▶ _Task description_
An exact copy of the data is required, with no pictures in it.

START Provided material

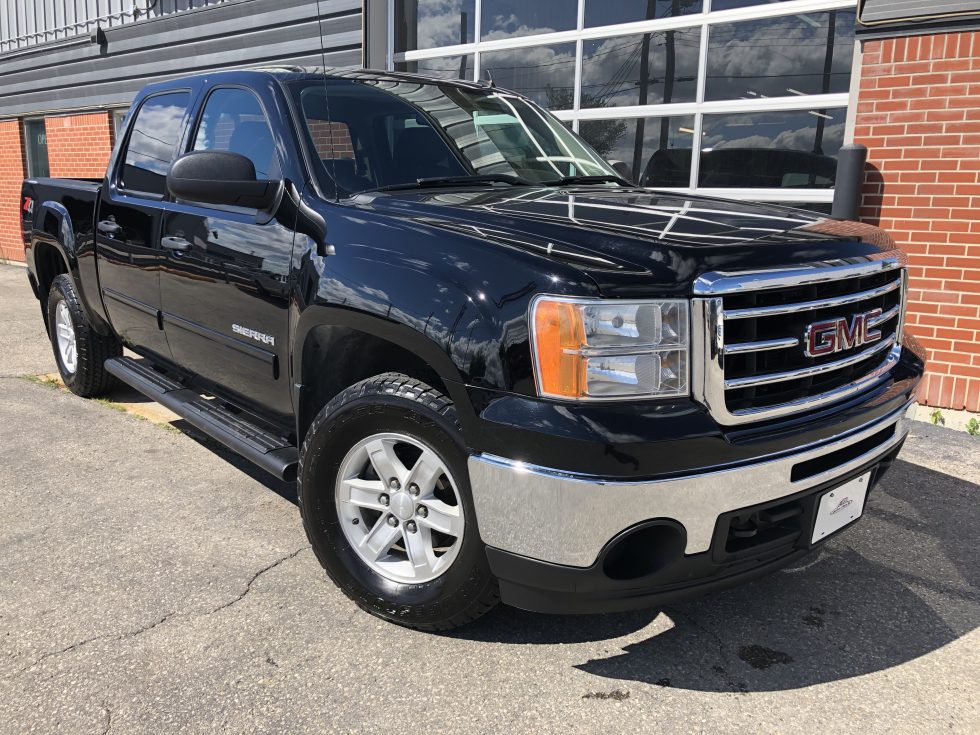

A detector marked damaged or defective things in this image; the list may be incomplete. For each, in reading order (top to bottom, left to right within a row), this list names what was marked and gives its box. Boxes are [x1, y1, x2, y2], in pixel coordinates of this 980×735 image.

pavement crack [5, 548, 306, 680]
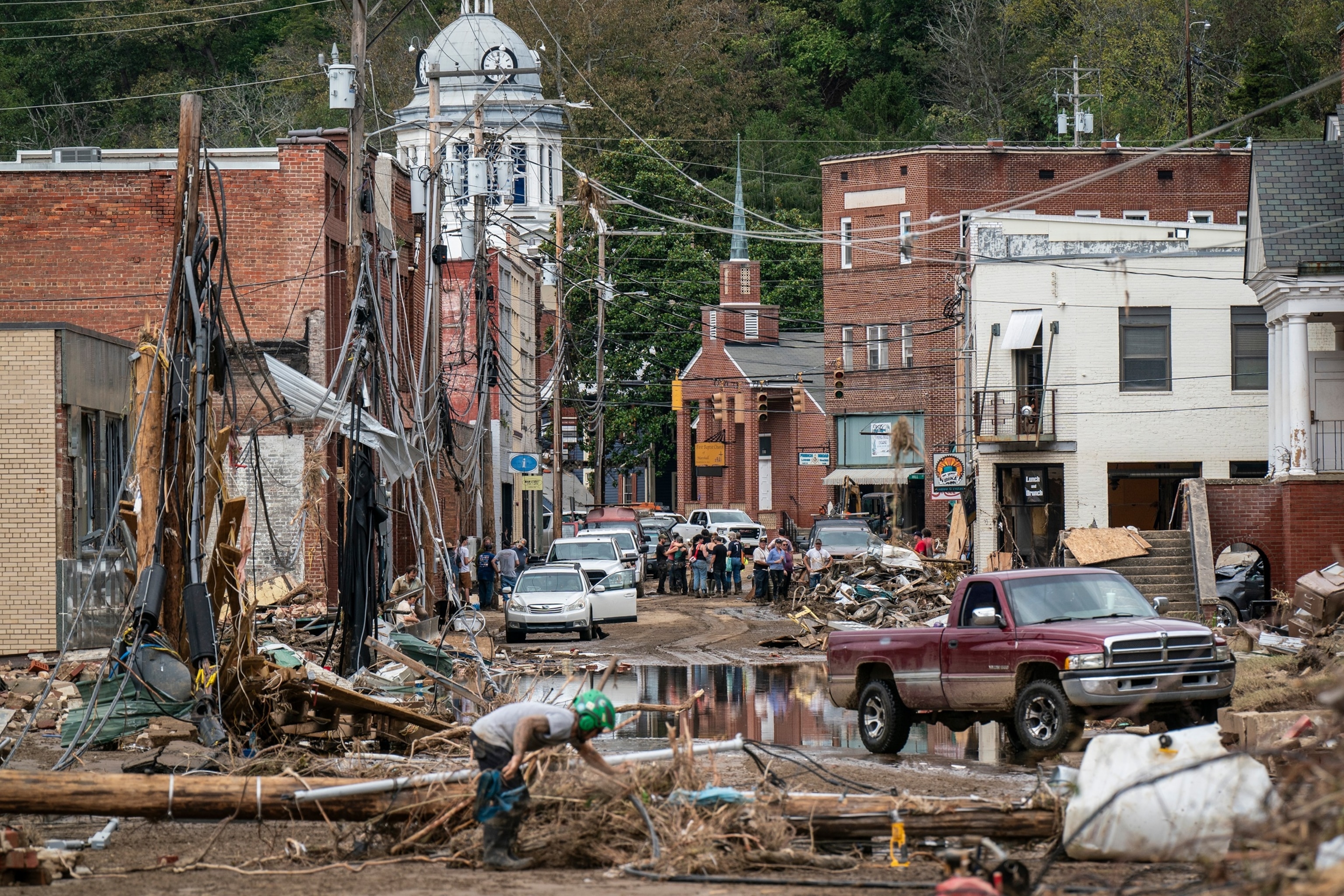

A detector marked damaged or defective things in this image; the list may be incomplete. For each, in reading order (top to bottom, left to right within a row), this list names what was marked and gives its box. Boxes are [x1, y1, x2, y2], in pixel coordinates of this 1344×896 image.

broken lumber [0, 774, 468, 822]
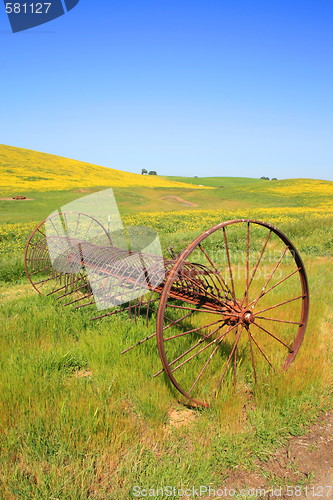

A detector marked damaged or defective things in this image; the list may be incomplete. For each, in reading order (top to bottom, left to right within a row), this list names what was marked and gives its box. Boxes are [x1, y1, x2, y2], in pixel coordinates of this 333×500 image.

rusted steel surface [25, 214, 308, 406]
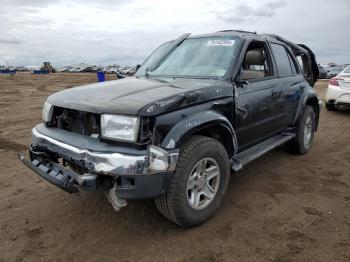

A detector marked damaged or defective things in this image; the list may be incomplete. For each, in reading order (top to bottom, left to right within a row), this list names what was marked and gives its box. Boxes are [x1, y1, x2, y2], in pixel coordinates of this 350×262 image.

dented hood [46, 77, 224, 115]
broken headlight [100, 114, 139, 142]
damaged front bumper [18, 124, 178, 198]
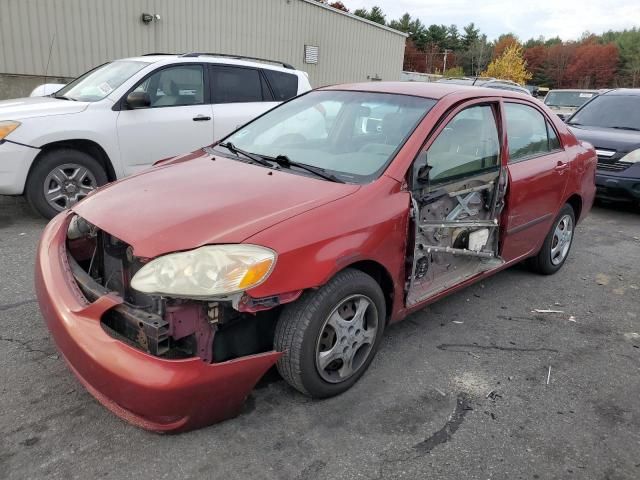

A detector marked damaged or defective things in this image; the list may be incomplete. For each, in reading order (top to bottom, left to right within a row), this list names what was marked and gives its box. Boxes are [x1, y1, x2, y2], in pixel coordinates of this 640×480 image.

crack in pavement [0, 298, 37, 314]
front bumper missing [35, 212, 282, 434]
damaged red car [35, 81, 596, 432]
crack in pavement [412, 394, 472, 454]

END Provided material

▶ _Reply_
A detector marked damaged or defective things in this image; the list may be incomplete. For each, in reading order (top to bottom, left to right within a row), this list names what was marked and gives its box. Boxes are [x1, y1, x2, y2], in pixel coordinates of this 980×735 image.

pavement crack [5, 548, 306, 680]

A detector marked damaged or defective things in this image; the list may be incomplete. For each, in reading order (top to bottom, left to right within a row), this list names what was marked and gives its box. Boxes are [x1, y1, x2, y2], in pixel coordinates of this 1344×896 image.

broken lumber [0, 774, 468, 822]

A detector marked damaged or defective things in this image; the list may be incomplete. For each, in reading order (top to bottom, left to right within a row), this list names what was marked and gives its box. Boxes are [x1, y1, x2, y2], in pixel coordinates of this 333×500 image.

rusted steel surface [25, 214, 308, 406]

A detector marked damaged or defective things in this image; the list may be incomplete. For each, in reading order (top to bottom, left to right within a row), this list names what was marked and gives its box. Boxes are [x1, y1, x2, y2], in pixel coordinates of this 350×262 image.

dented hood [46, 77, 224, 115]
broken headlight [100, 114, 139, 142]
damaged front bumper [18, 124, 178, 198]

A detector marked damaged or defective things in this image; the list may be incomplete. For each, in reading order (top to bottom, left to right within a row), this list names what was marked and gives its box. Boxes are [x1, y1, x2, y2], in pixel coordinates of this 640×480 image.

crack in pavement [0, 298, 37, 314]
front bumper missing [35, 212, 282, 434]
damaged red car [35, 81, 596, 432]
crack in pavement [412, 394, 472, 454]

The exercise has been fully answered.